What Is a Fair Price for a Business?
Like any other commodity, a business is worth whatever a willing buyer will pay a willing seller in a free marketplace. However, the value of most businesses is determined by what someone can afford to pay for it.Typically, this price will be 1 to 3 times the annual cash flow for Main Street businesses after recasting the Seller’s Discretionary Earnings (SDE), with a one-third to one-half down payment, and a note to the seller paid off over a 5 to 10 year period. If the business can earn the income you want and make the note payments, then it’s worth the price. There are many “Rule of Thumb” methods for pricing a small (Main Street) business.
The most commonly used are:
- Cash Flow Method: One to three times annual SDE or EBITDA (Earnings Before Interest, Taxes, Depreciation, and Amortization) plus owner’s compensation. The multiple can vary widely depending on the business.
- Value Method: Value of equipment and inventory plus goodwill (one year’s cash flow).
- Gross Sales Method: Three to twelve months gross sales, depending on type of business.
What is Goodwill?
Goodwill is the difference between the total value of a business and the value of the inventory, equipment, and other “hard” assets. Every business has goodwill, unless it is closed down or failing badly. The amount to pay for goodwill depends on the cash flow of the business and its general attractiveness. If buyers didn’t pay for goodwill, sellers might as well sell off their equipment and close down, rather than sell as an on-going business.
Are There Tax Benefits in Buying a Business?
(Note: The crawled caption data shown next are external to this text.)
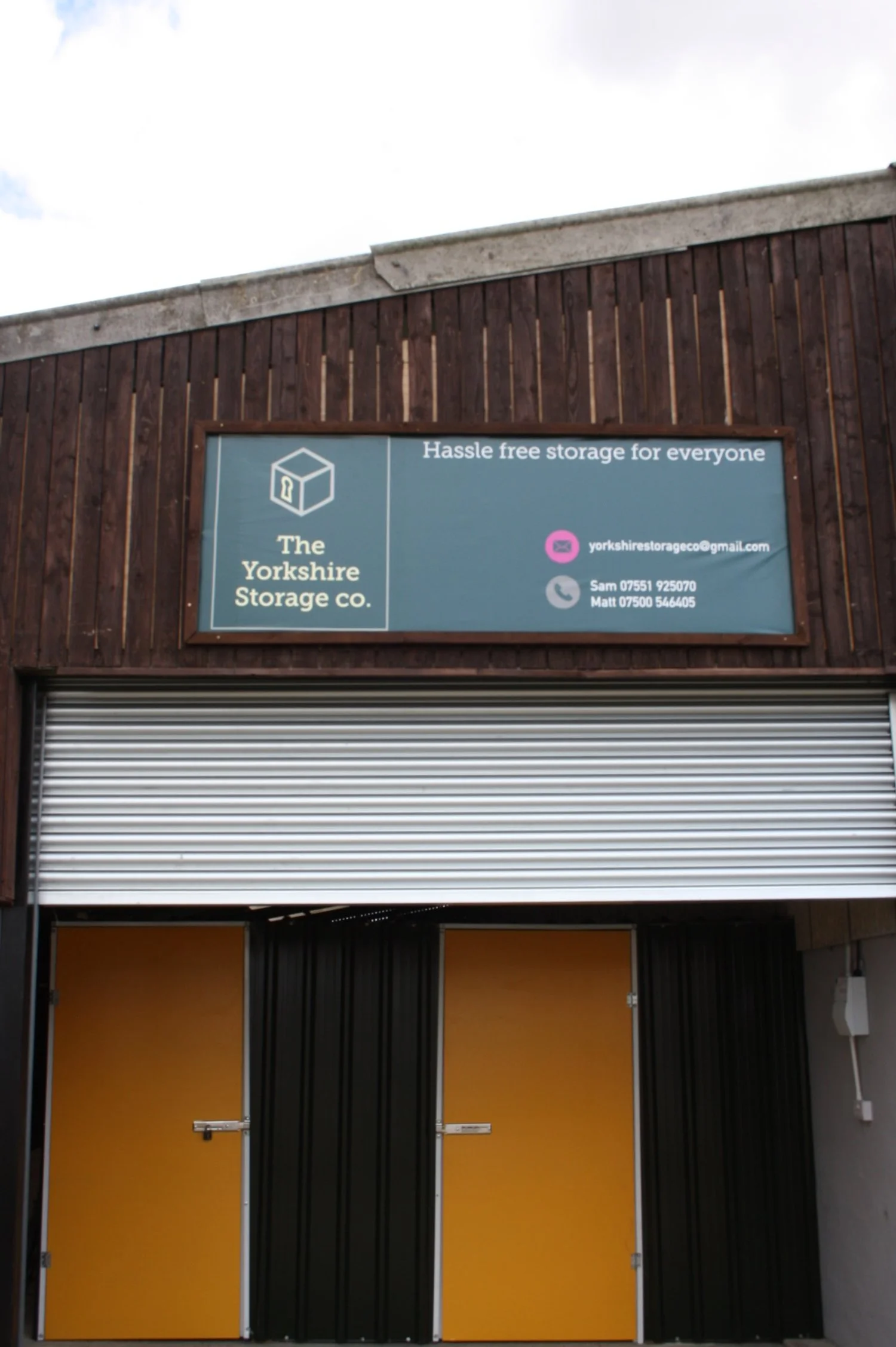 Sign for Yorkshire Storage Co. offering hassle-free storage, with contact details including email 'yorksharestorageco@gmail.com' and phone numbers for Sam and Matt, installed on a wooden building with a partially open metallic yellow roll-up door.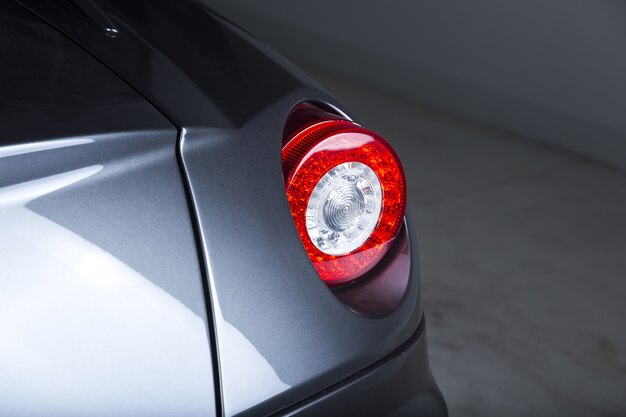 Closeup shot of the headlights of a modern silver car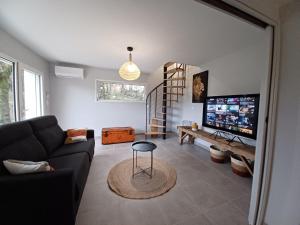 a living room with a couch and a flat screen tv at Chez Emoun et Lina in Caussade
Usually you can take a tax deduction for depreciation on the fair market value of all furniture, fixtures, and equipment at a much faster rate than real estate. The Covenant Not to Compete and the value of training are tax deductible, frequently at high levels. Finally, most businesses have deductible expenses that add to the owner’s cash flow.
What’s an Offer?
An offer is just that – an offer. If it is not accepted by the seller within the time limit you set, your offer is void. Most offers are contingent offers – that is, they become void unless certain things happen. All offers are subject to: Your price and terms being accepted by the seller.
An offer could also be contingent upon:
- Books and records approved (to your satisfaction).
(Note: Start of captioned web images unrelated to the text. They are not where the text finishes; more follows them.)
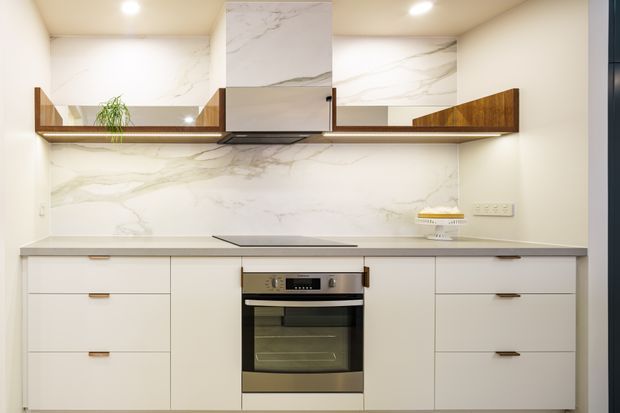 Bright contemporary kitchen with white cabinetry, a pale marble-look splashback and matching rangehood surround, integrated oven and cooktop, and warm timber open shelving and accents. Recessed ceiling lights and a clean linear layout create a refined, compact cooking space.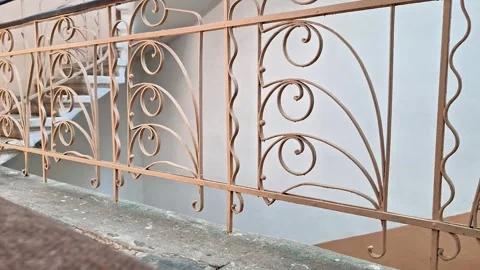 Wrought Iron Staircase Railing Along Indoor Building Landing Stock Footage 336839079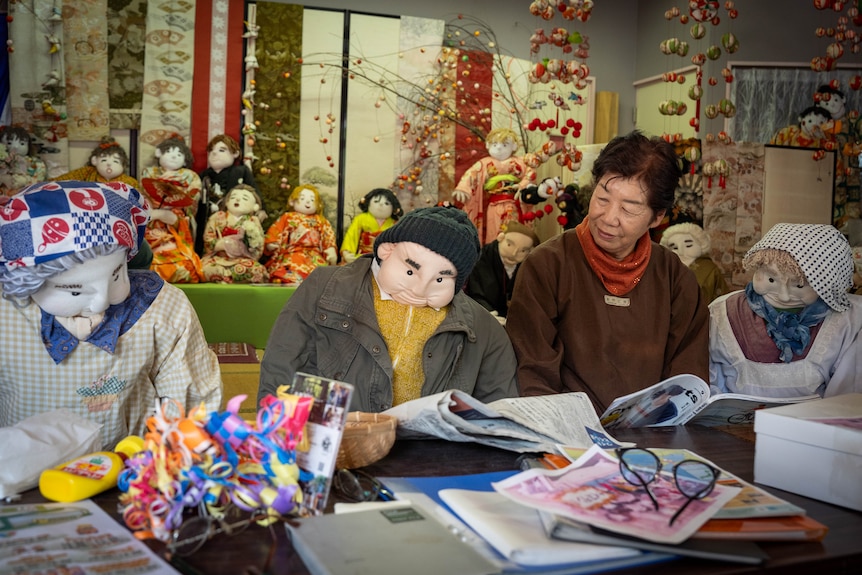 A woman wearing a red scarf and jumper looks at a doll that is hunched over a paper.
- All equipment being in working condition.
- Assignment of lease.
- Business being sold free and clear of debt.
- Ability to get necessary licenses and permits.
- Business passing necessary inspections.
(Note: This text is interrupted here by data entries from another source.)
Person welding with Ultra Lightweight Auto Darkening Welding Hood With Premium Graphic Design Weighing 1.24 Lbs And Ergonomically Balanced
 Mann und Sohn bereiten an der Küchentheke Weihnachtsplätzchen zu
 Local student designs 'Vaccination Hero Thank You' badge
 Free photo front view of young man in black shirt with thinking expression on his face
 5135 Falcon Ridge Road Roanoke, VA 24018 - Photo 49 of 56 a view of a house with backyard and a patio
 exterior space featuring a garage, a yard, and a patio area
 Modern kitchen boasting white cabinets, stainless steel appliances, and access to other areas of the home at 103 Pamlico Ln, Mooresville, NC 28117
If any of the contingencies in an offer are not met within the time frame you set, the offer is void and your deposit is returned to you. Most offers are also conditioned upon certain promises by the seller, such as:
- Seller providing a non-compete agreement.
- Seller agreeing to a specified training period.
What is Financial Review or Due Diligence?
The financial review need not be complicated, but the process does generate questions from buyers and sellers.
Some typical questions from buyers are:
What is it?
You have the opportunity to check out the books and records of the business and verify the information that you have already seen and heard.You may also have additional questions for the seller. If you are satisfied with the information you see, you release the financial contingency and proceed to the next step in your purchase of the business.
How long does it take?
It’s up to you! Many businesses can be checked out in one meeting. More complex businesses can take longer.
What if I find something I don’t like?
The contingencies in the offer have to be met. If not, you have the right to make a different offer, cancel your offer and get your earnest money refunded, or look at another business.
Why not do the financial review before I make an offer?
Some buyers have expressed a desire to perform a detailed financial audit, before making an offer. Later on they found that the audit didn’t replace the need to be comfortable with the business and be truly interested in it. They wasted a lot of time analyzing the books, only to find they couldn’t agree with the seller on the price and terms or that the type of business just didn’t suit them.
We developed the financial review contingency as a compromise to bridge the gap between the buyer’s concerns and the seller’s needs. We understand the buyer’s need to verify the books before buying the business. We also know it could damage the seller to have confidential information released to strangers or potential competitors. By using the financial review contingency, a buyer can make an offer in perfect safety and the seller is assured he is dealing with a serious party.